BEGIN Data to process

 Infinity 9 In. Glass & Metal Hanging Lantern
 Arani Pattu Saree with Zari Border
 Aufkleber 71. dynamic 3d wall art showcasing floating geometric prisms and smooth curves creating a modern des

END Data to process
BEGIN Data to process

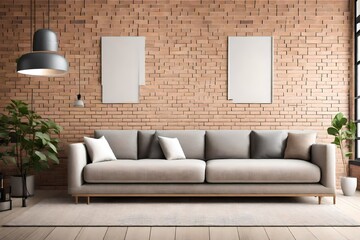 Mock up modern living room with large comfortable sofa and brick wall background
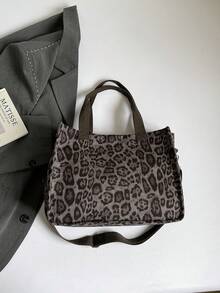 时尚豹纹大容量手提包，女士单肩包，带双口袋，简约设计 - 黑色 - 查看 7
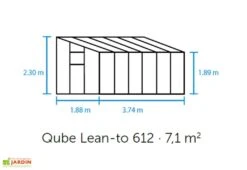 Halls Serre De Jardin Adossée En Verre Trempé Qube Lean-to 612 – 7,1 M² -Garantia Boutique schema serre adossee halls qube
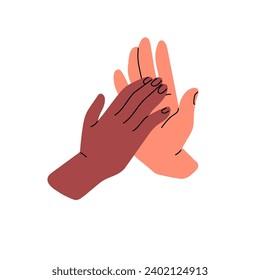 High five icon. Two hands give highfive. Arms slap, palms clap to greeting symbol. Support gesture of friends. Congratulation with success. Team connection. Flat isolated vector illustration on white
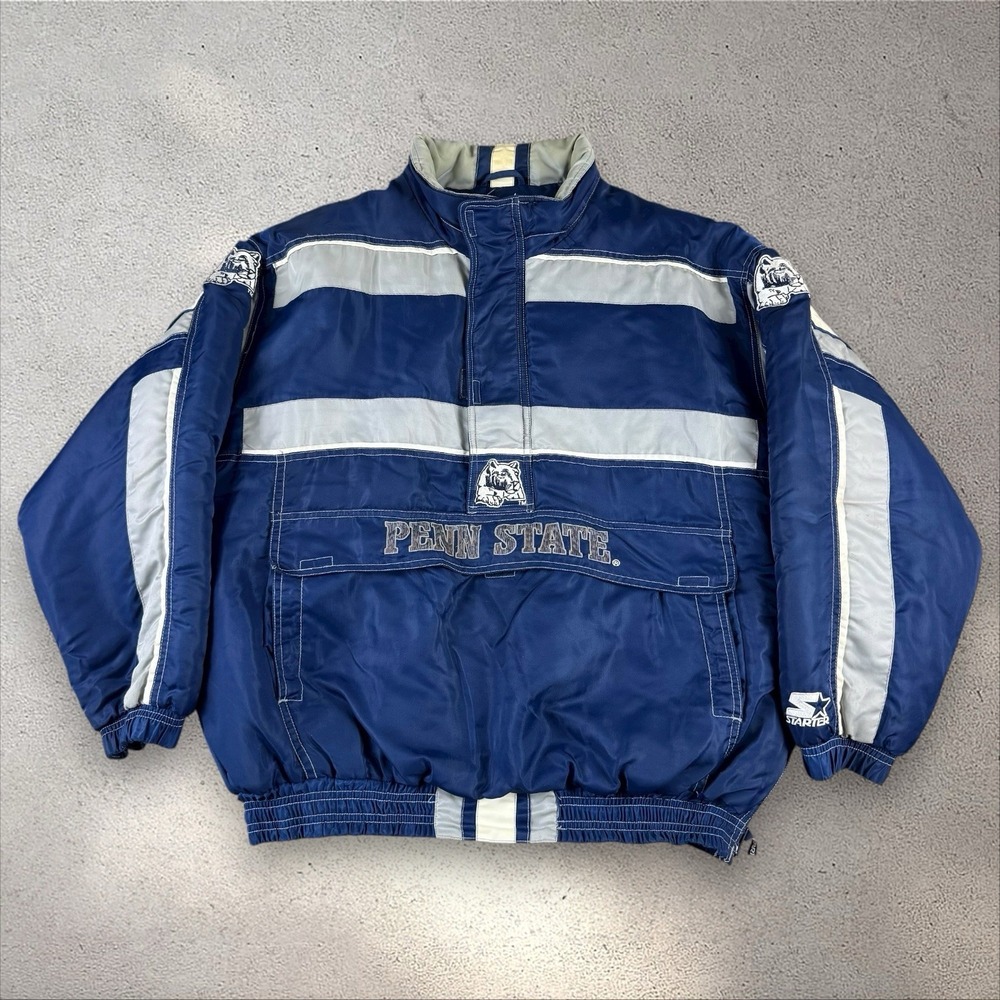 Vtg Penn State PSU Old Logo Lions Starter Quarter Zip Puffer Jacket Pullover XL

END Data to process

**The task**
Copy out the listing above from the line containing "Halls Serre De" to the line containing "High five icon.", both included, exactly as written and minus the images.

**Solution for this task**
 Halls Serre De Jardin Adossée En Verre Trempé Qube Lean-to 612 – 7,1 M² -Garantia Boutique schema serre adossee halls qube
 High five icon. Two hands give highfive. Arms slap, palms clap to greeting symbol. Support gesture of friends. Congratulation with success. Team connection. Flat isolated vector illustration on white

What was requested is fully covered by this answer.